ACP selects Beth Lilly’s ‘Gifted’ for 2009 public art project

Monday, February 23rd, 2009
Beth Lilly can photograph your future.

NEUROMANCY: Beth Lilly can photograph your future.

Last week Atlanta Celebrates Photography announced the selection of “Gifted,” a proposal by local artist and photographer Beth Lilly, for its next ACP public art project. More details will solidify as “Gifted” marches toward completion, but for the moment, this much is clear: The project will involve the literal gift of 1,200 limited-edition prints, distributed to the public for free during ACP’s citywide festival in October.

Beth Lilly (aka the Oracle @ Wifi) specializes in collaboration — that is, she creates art by embracing and reworking the social networking trends of our digital media-saturated society in surprisingly novel ways.
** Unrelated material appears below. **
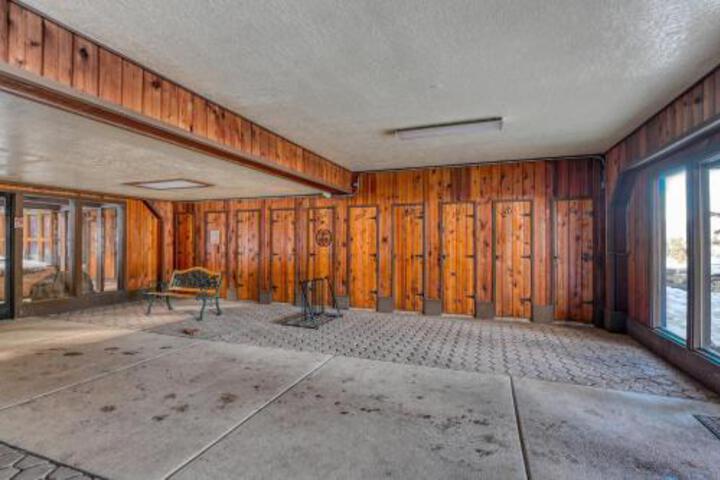 Snowfire 312A - thumb 6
Lilly’s Oracle @ Wifi series, for instance, is an ongoing, improvisational performance-meets-photography project. On the seventh day of each month, Lilly invites the public to call her with a “question for the Oracle.” Basically, you can ask her anything, so long as the wording is tasteful and involves a future event. Over the past three years, the Oracle has fielded queries as specific as “Will I get into law school and become a successful lawyer?” to such fantastic head-scratchers as “What do I really really really want?” and “Are my family and me moving to the United States?” The Oracle’s response comes in the form of three photos, taken at whatever location Lilly may be, which are then randomly assigned to each caller’s question. As in other forms of divination, the meaning of these “image-fortunes” is a matter of free association.